Omit all images, then repeat exactly the lines below from the one containing "Ollis B. Loftis, 95" through the one containing "Marllon é apresentado", both ends included.

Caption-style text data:
☆ ☆ ☆

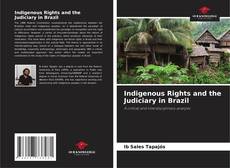 Capa do livro de Indigenous Rights and the Judiciary in Brazil 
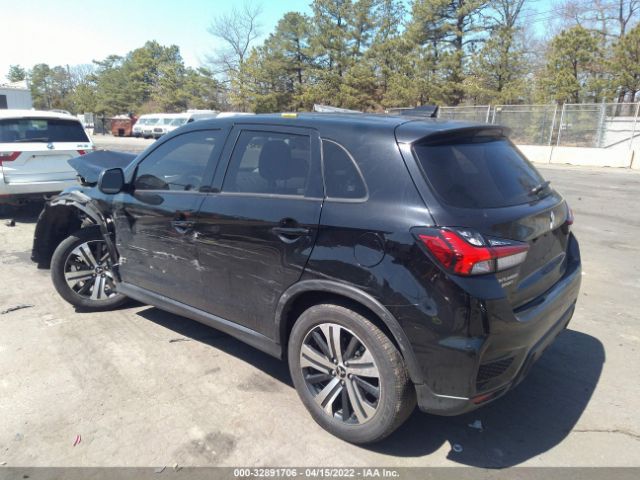 Photo 2 VIN: JA4APUAU2MU001894 - MITSUBISHI OUTLANDER SPORT 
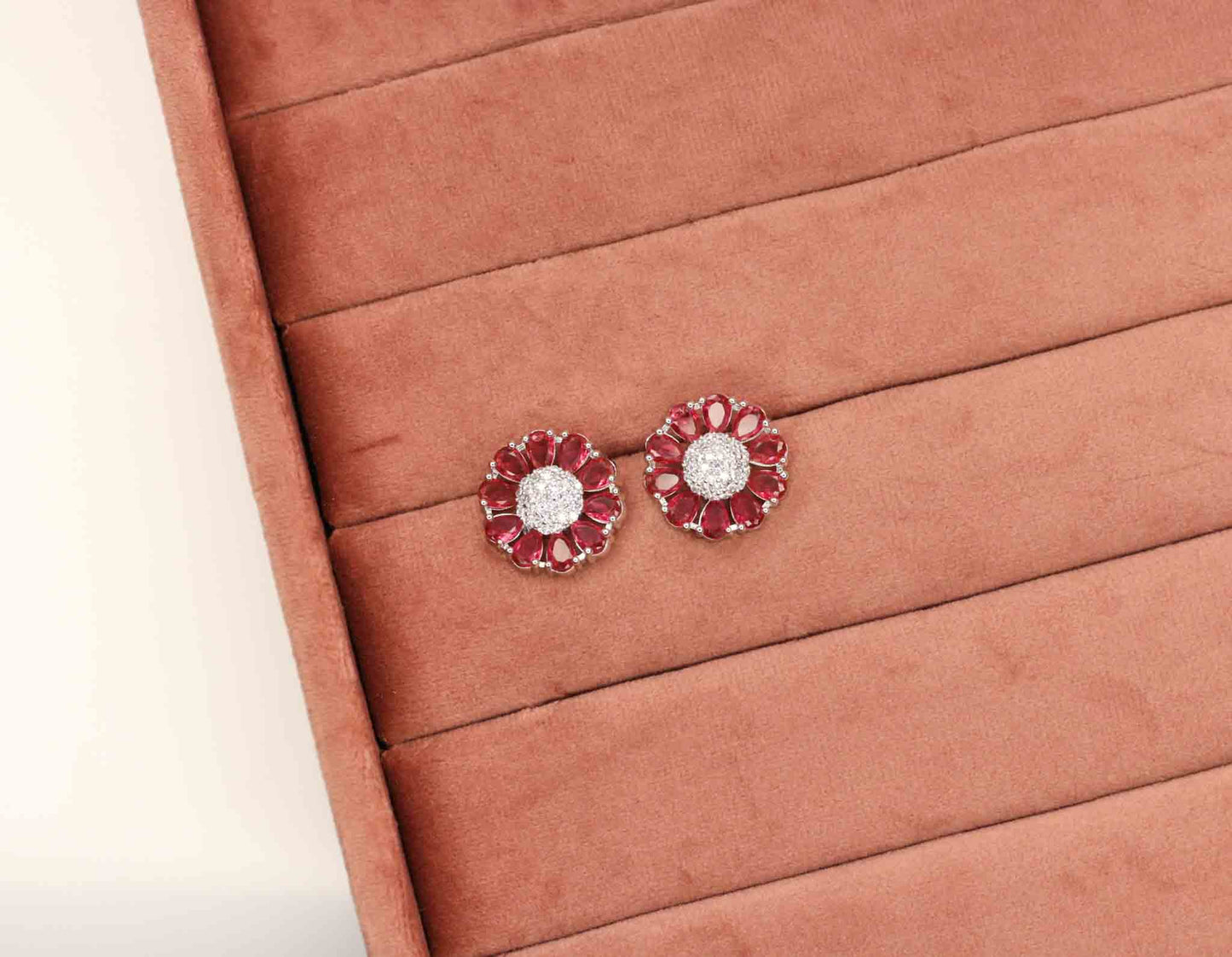 Abira AD Earrings - AJEH Jewellery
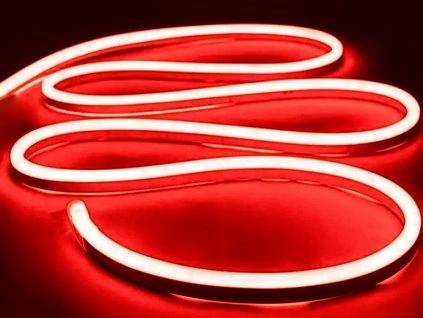 Neon LED reťaz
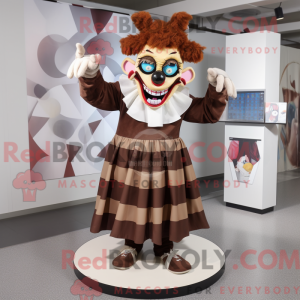 Personaggio mascotte di un...
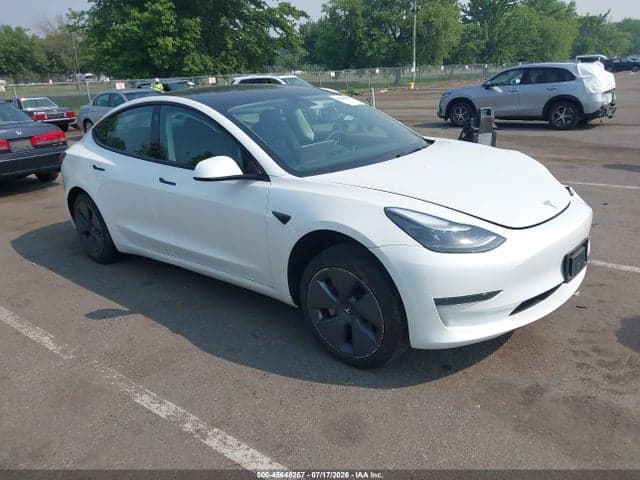 2023 TESLA MODEL 3 REAR-WHEEL DRIVE - 1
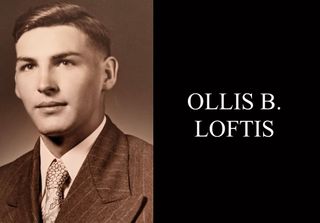 Ollis B. Loftis, 95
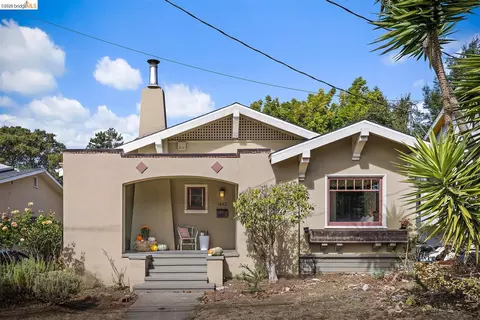 Exterior - 1863 Tacoma Ave, Berkeley, CA 94707 photo 3 of 8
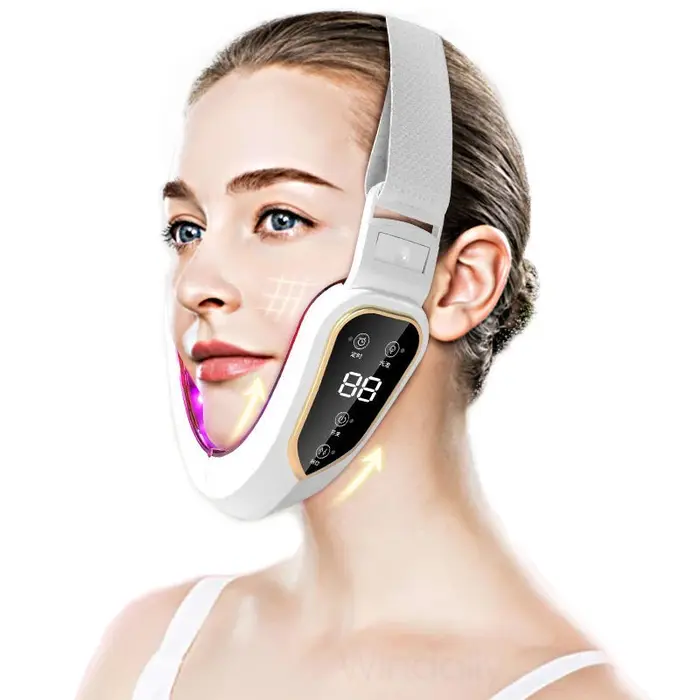 Appareil de levage du visage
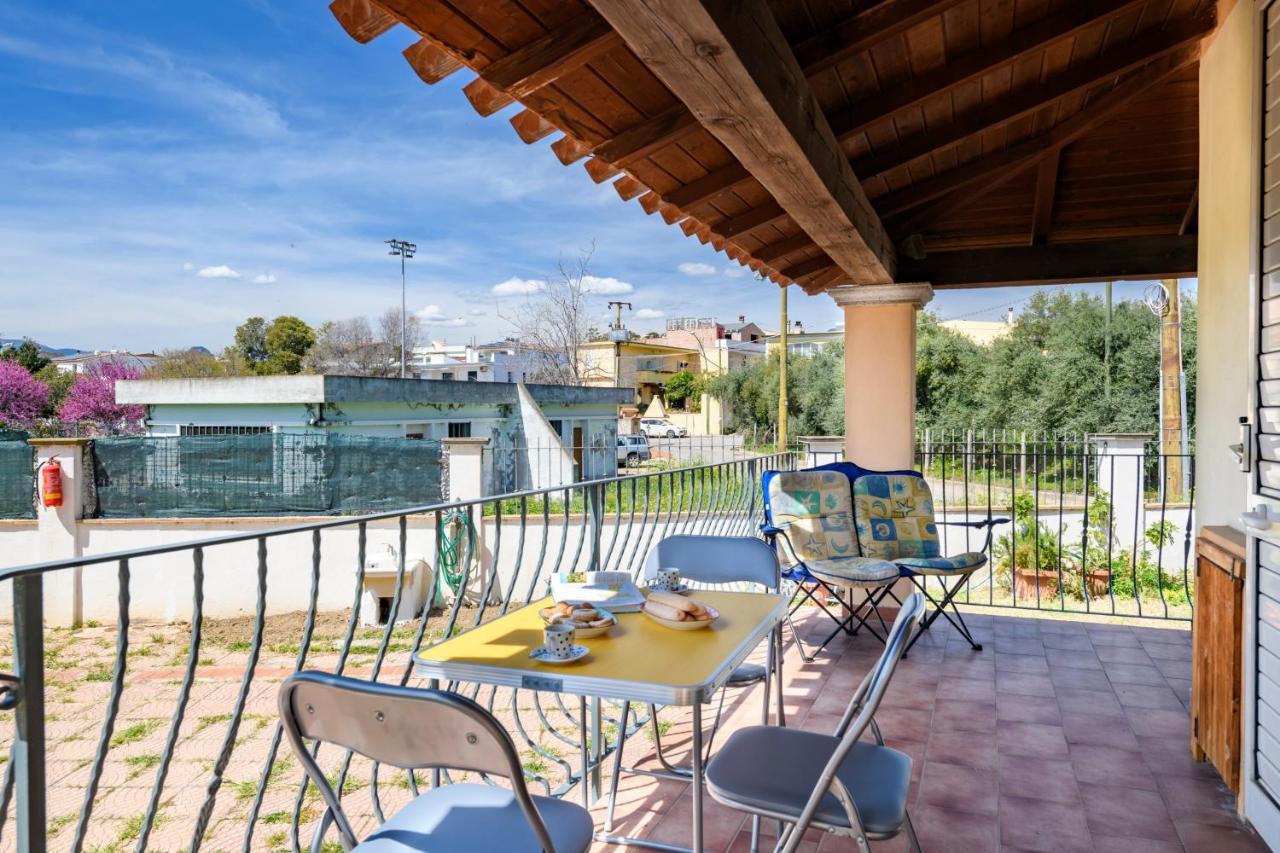 3 - Casa Con Giardino Lotzorai - Sa Crai Apartments Sardinian Experience المظهر الخارجي الصورة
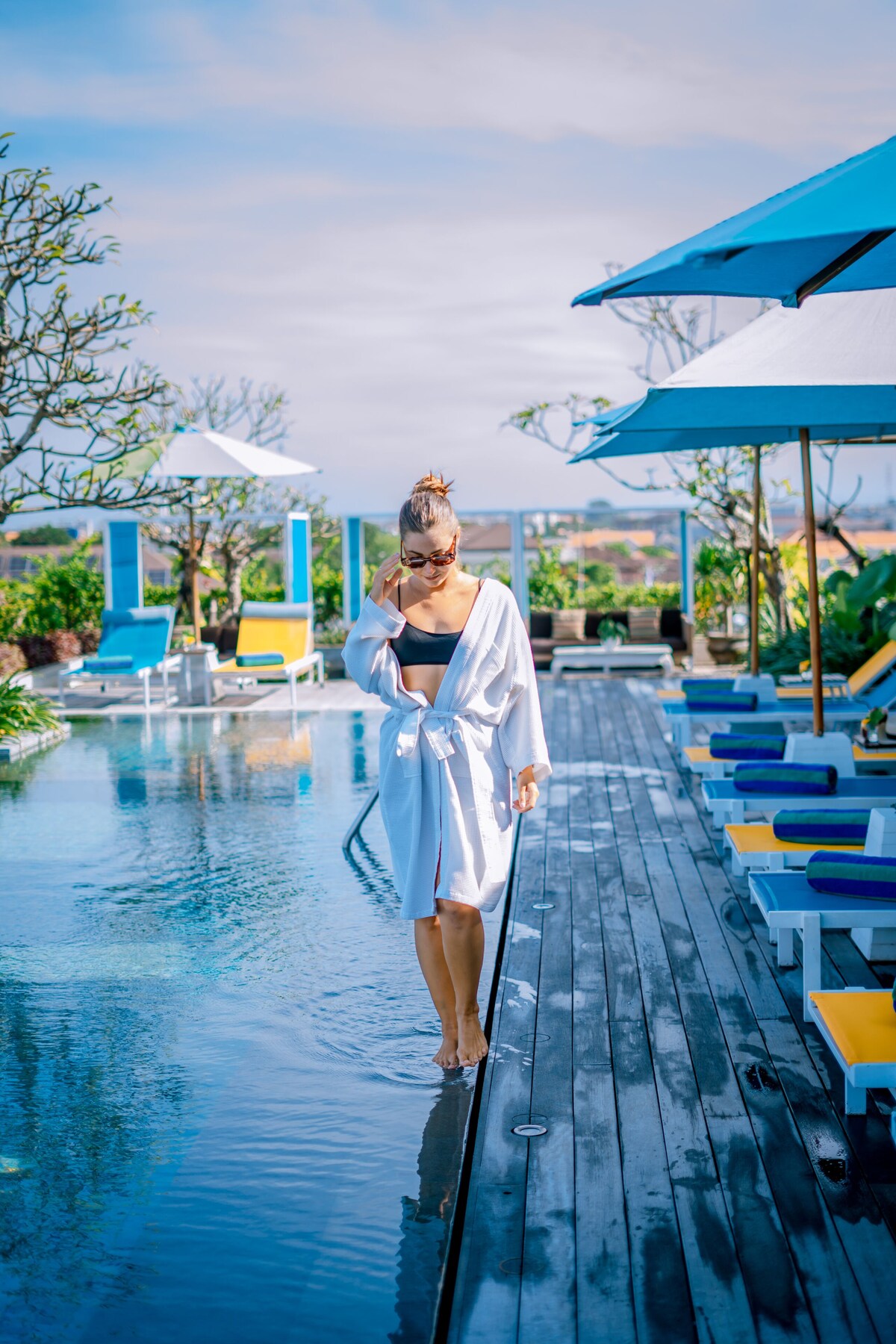 Legian hotel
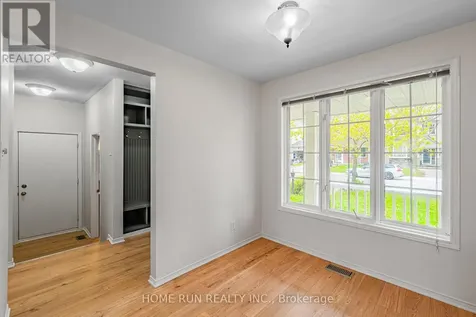 182 Windhurst Drive Ottawa ON K2G 6J4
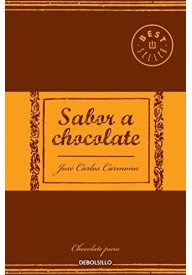 Sabor a chocolate - Ladrones de tesoros A1 - Nowela - - 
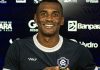 Marllon é apresentado oficialmente no Remo com foco total na permanência na Série A Marllon – Foto: Samara Miranda (Clube do Remo)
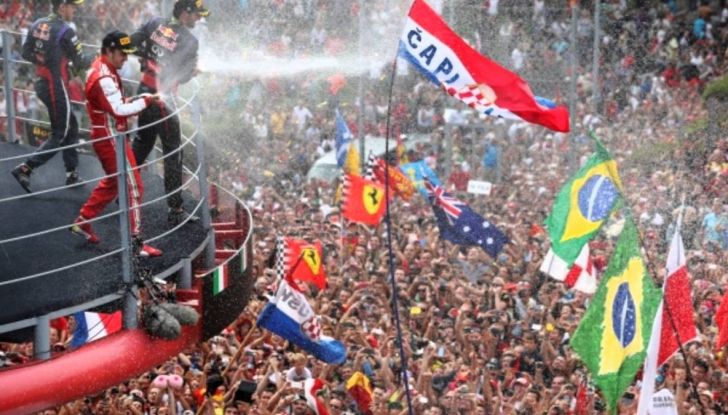 Orari Formula 1, Monza 2018: diretta Rai, TV8 e Sky Sport F1 - Foto 8 di 11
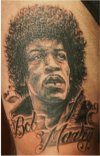 Bob Marley, na pewno Bob Marley ???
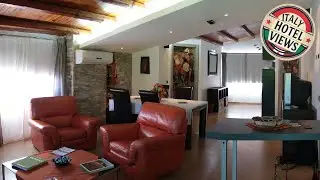 Camagna country house suite guttuso | Partanna, Italy | Hotel Review 🏩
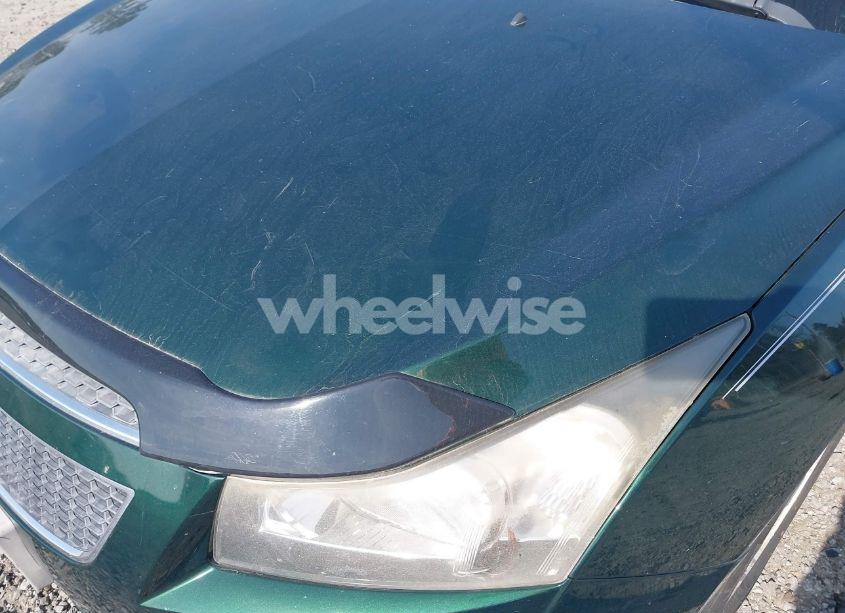 Photo 6 of 2014 Chevrolet Cruze 1LT AUTO (VIN 1G1PC5SB4E7348392)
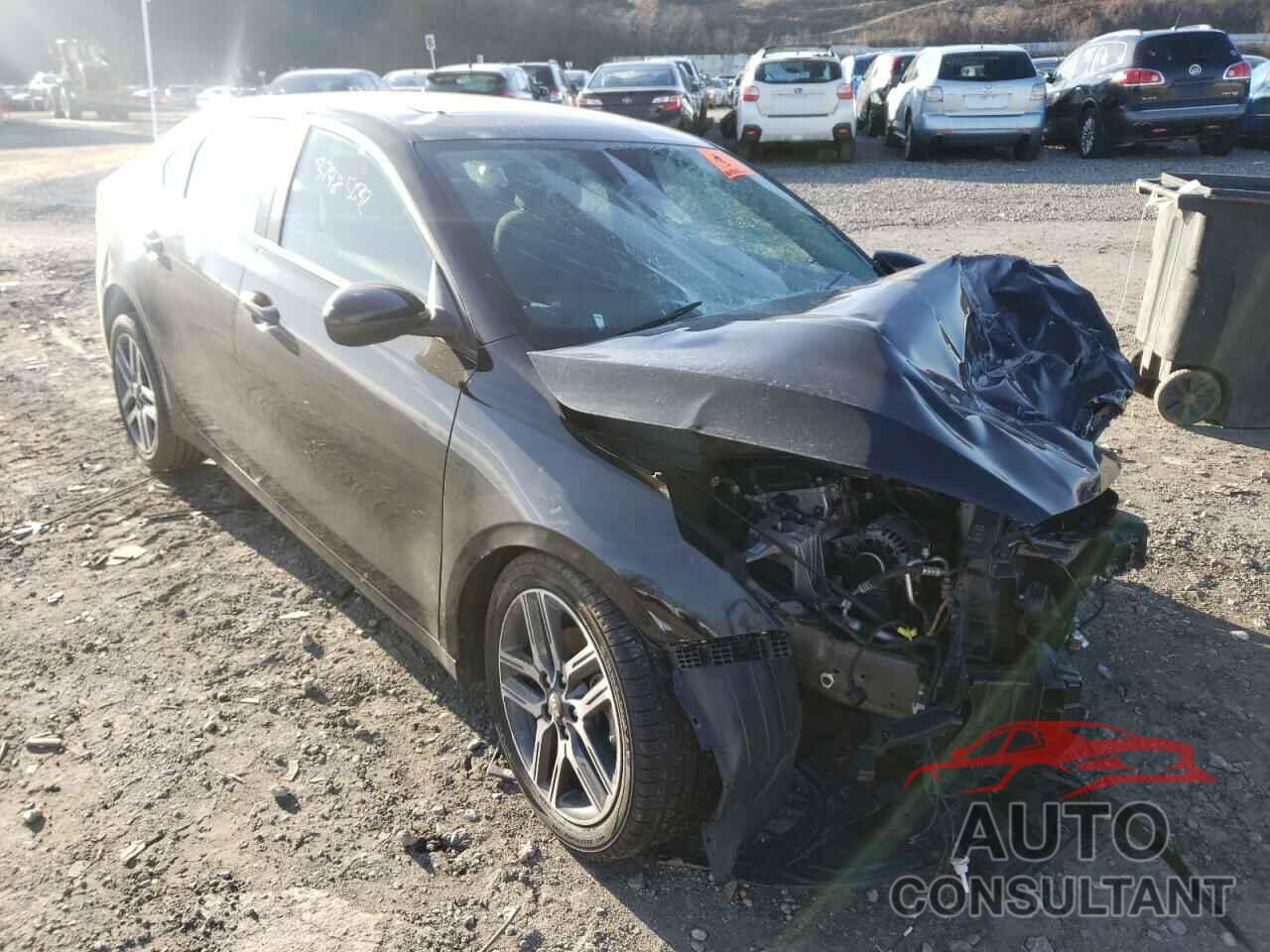 KIA FORTE 2019 - 3KPF34AD1KE062687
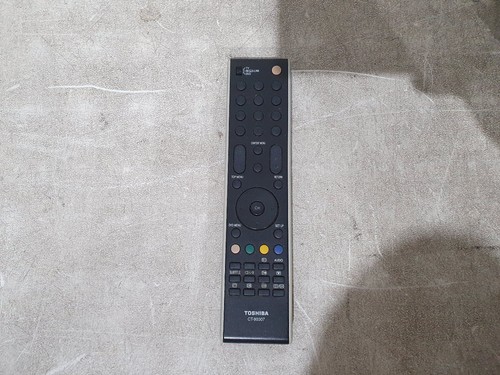 Toshiba remote control - toshiba,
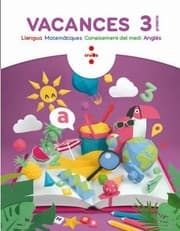 Tapa de Vacances. 3 Primària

☆ ☆ ☆

== Result ==
 Ollis B. Loftis, 95
 Exterior - 1863 Tacoma Ave, Berkeley, CA 94707 photo 3 of 8
 Appareil de levage du visage
 3 - Casa Con Giardino Lotzorai - Sa Crai Apartments Sardinian Experience المظهر الخارجي الصورة
 Legian hotel
 182 Windhurst Drive Ottawa ON K2G 6J4
 Sabor a chocolate - Ladrones de tesoros A1 - Nowela - - 
 Marllon é apresentado oficialmente no Remo com foco total na permanência na Série A Marllon – Foto: Samara Miranda (Clube do Remo)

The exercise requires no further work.